In [27]:
import pandas as pd
import altair as alt



url = "https://raw.githubusercontent.com/MarkHershey/CompleteTrumpTweetsArchive/refs/heads/master/data/realDonaldTrump_in_office.csv"

tweets = pd.read_csv(
    url,
    encoding="utf-8-sig",                       # removes a BOM "Byte Order Mark" at the beginning of the file (ChatGPT assist) 
    on_bad_lines="skip"                                 # skip the lines ending in weird characters and tripping up pandas
)
tweets.columns = tweets.columns.str.strip()                         # strip white-space from before column names 
#print(tweets.columns)
tweets["Date & Time"] = pd.to_datetime(tweets["Time"], errors="coerce")     # set Time column to index and rename
tweets = tweets.drop(columns=["ID", "Tweet URL", "Time"])
tweets = tweets.set_index("Date & Time")
tweets.head(10)

Unnamed: 0_level_0,Tweet Text
Date & Time,Unnamed: 1_level_1
2017-01-20 06:31:00,"""It all begins today! I will see you at 11:00..."
2017-01-20 11:54:00,"""We will bring back our jobs. We will bring b..."
2017-01-20 11:55:00,"""We will follow two simple rules: BUY AMERICA..."
2017-01-20 11:58:00,"""It is time to remember that...https://www.fa..."
2017-01-20 12:13:00,"""TO ALL AMERICANS https://www.facebook.com/Do..."
2017-01-21 05:53:00,"""A fantastic day and evening in Washington D...."
2017-01-22 06:47:00,"""Watched protests yesterday but was under the..."
2017-01-23 05:38:00,"""Busy week planned with a heavy focus on jobs..."
2017-01-24 05:11:00,"""Will be meeting at 9:00 with top automobile ..."
2017-01-24 10:58:00,"""A photo delivered yesterday that will be dis..."


In [28]:
daytime = tweets.between_time("08:01", "16:00")      # 8:01 am - 4:00 pm
evening = tweets.between_time("16:01", "00:00")        # 4:01 pm - 12:00 am
overnight = tweets.between_time("00:01", "08:00")        # 12:01 am - 8:00 am

print(f"The number of tweets in the 'Daytime' category is: {len(daytime)}")
print(f"The number of tweets in the 'Evening' category is: {len(evening)}")
print(f"The number of tweets in the 'Overnight' category is: {len(overnight)}")
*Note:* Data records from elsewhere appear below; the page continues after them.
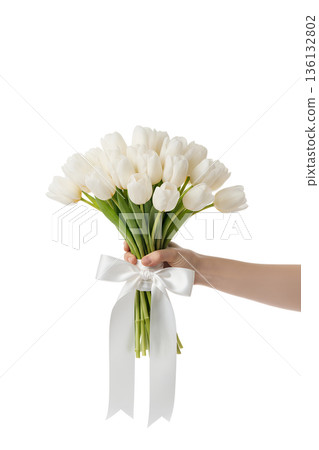 Hand gracefully holding a fresh bouquet of elegant white tulips tied with a simple white satin ribbon, symbolizing purity, spring, and simple beauty 136132802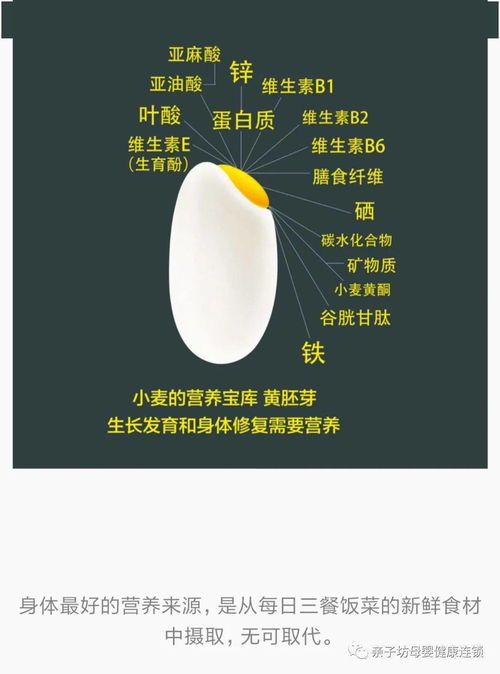 微量元素:宠物健康守护神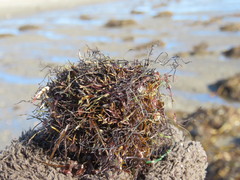 Desmarestia aculeata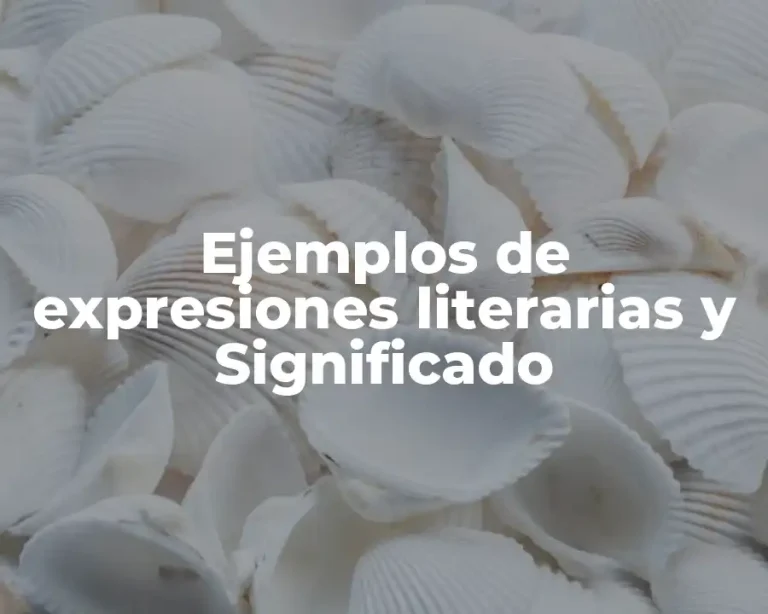 Ejemplos de expresiones literarias y Significado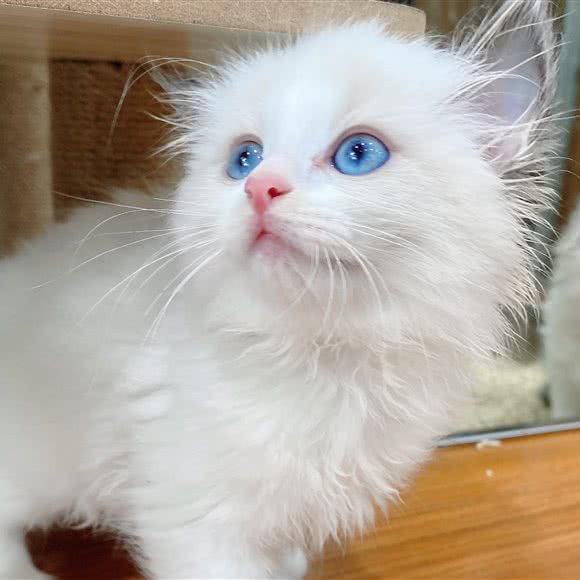 萌猫一号宠物店:鄂州市鄂城区滨湖南路/莲花山附近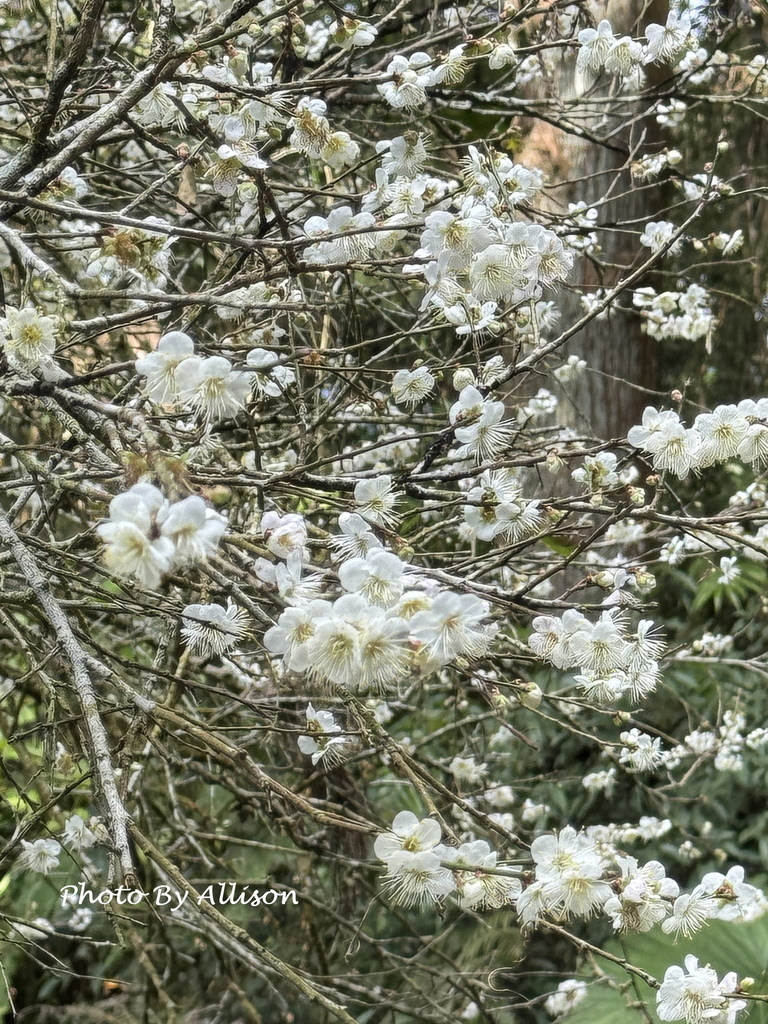 －＞南投信義鄉梅花開了…搶先看；烏松崙石家梅園+牛稠坑咖啡驛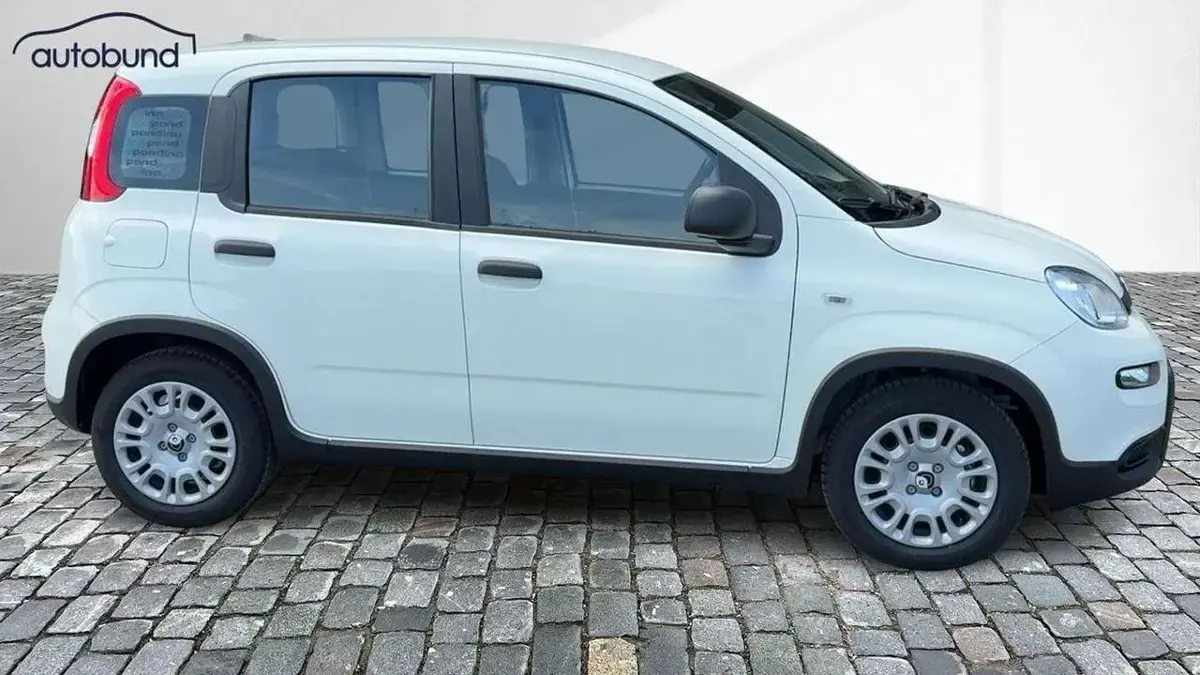 Usata Fiat Panda 71 CV (52 kW) 2024 Bianco Utilitaria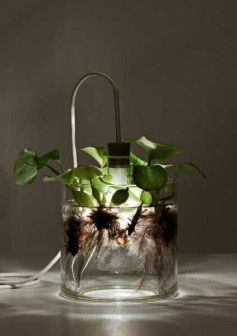 Miriam Aust, lampy Vase & Leuchte, lampa-wazon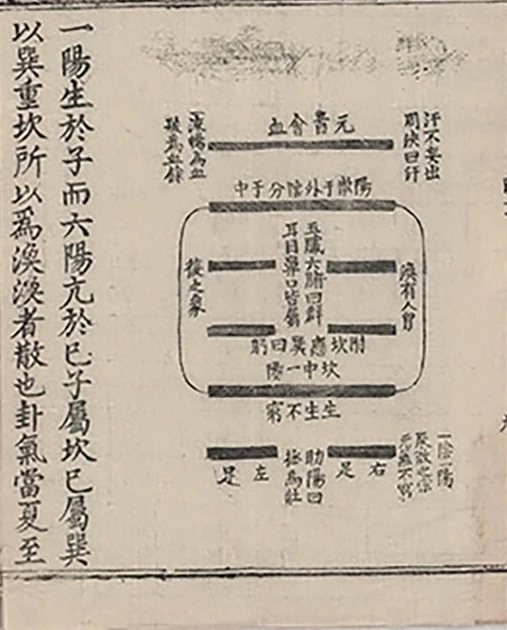 插图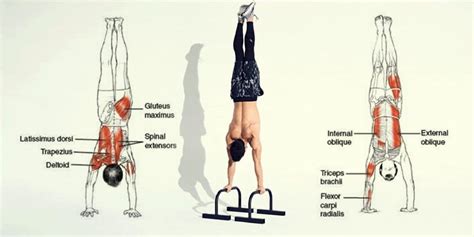 Cómo hacer handstand paralelas Una guía paso a paso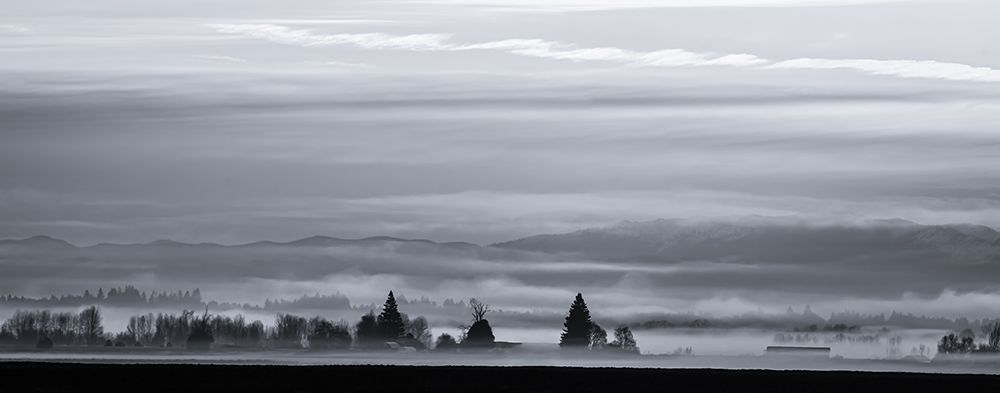 Misty Field art print by Don Schwartz for $57.95 CAD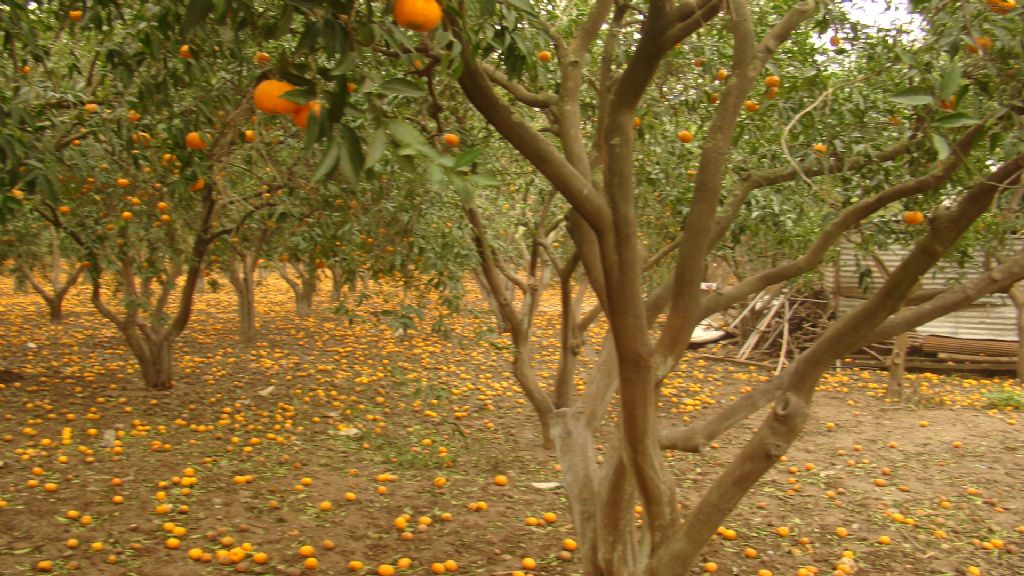 F�rt�na Sonras�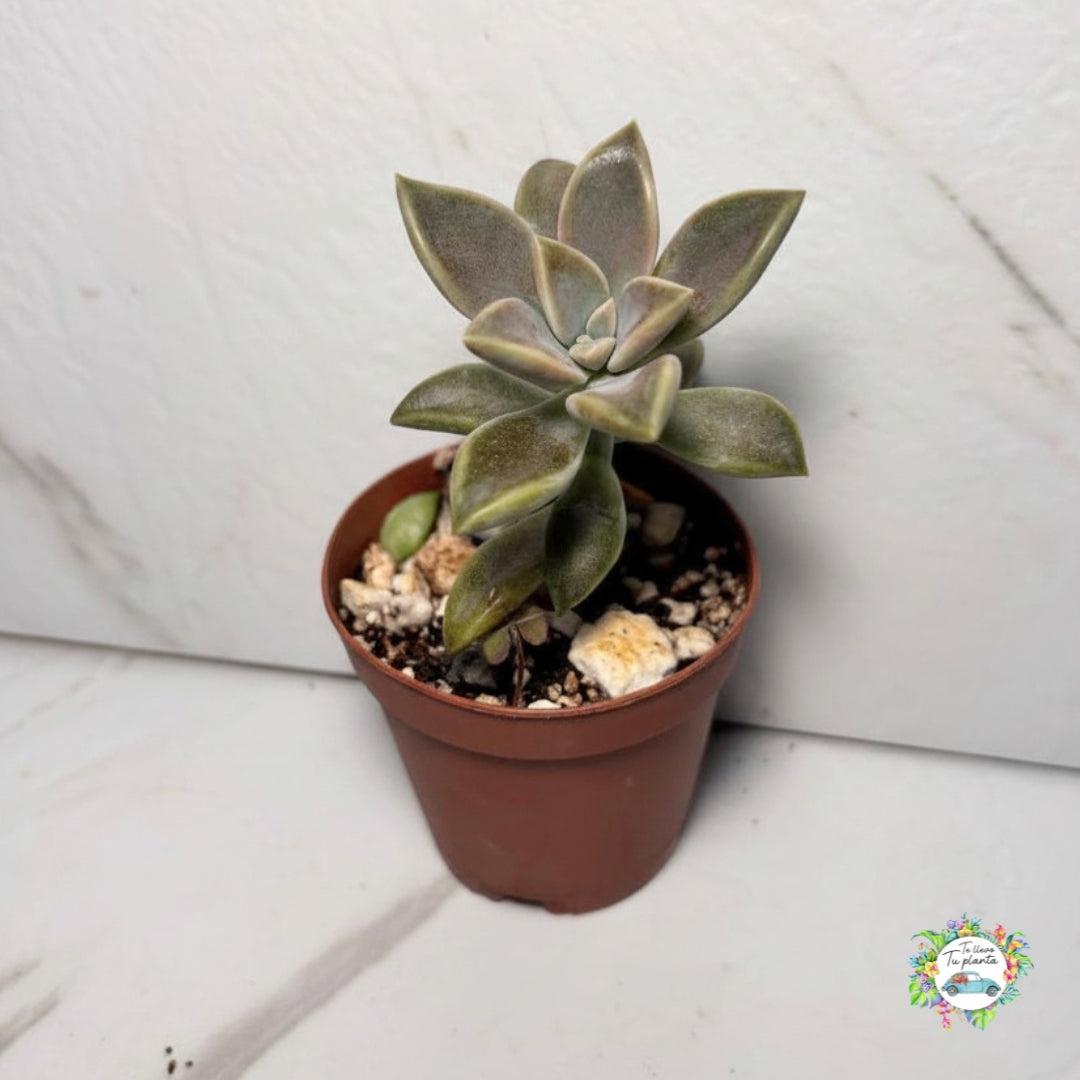Echeveria Paraguayense “2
print("Just by the distribution of tweets it is surprisingly evenly spread; with the most tweets happening overnight.")

The number of tweets in the 'Daytime' category is: 3325
The number of tweets in the 'Evening' category is: 3653
The number of tweets in the 'Overnight' category is: 3706
Just by the distribution of tweets it is surprisingly evenly spread; with the most tweets happening overnight.


In [29]:
tw = pd.Series(tweets.index.strftime('%m-%d'), index=tweets.index)     # ChatGPT assistance to troubleshoot filtering datetimes in index

spring = tweets.loc[tw.between('04-01', '06-30')]                    # April 1st - June 30th
summer = tweets.loc[tw.between('07-01', '09-30')]                   # July 1st - September 30th
autumn = tweets.loc[tw.between('10-01', '12-31')]                  # October 1st - December 31st
winter = tweets.loc[tw.between('01-01', '03-31')]                 # January 1st - March 31st 

print(f"The number of tweets in the 'Spring' category is: {len(spring)}")
print(f"The number of tweets in the 'Summer' category is: {len(summer)}")
print(f"The number of tweets in the 'Autumn' category is: {len(autumn)}")
print(f"The number of tweets in the 'Winter' category is: {len(winter)}")
print("")
print("Judging by the distribution of tweets throughout the seasons, the frequency decays in the winter and spring and peaks in the summer")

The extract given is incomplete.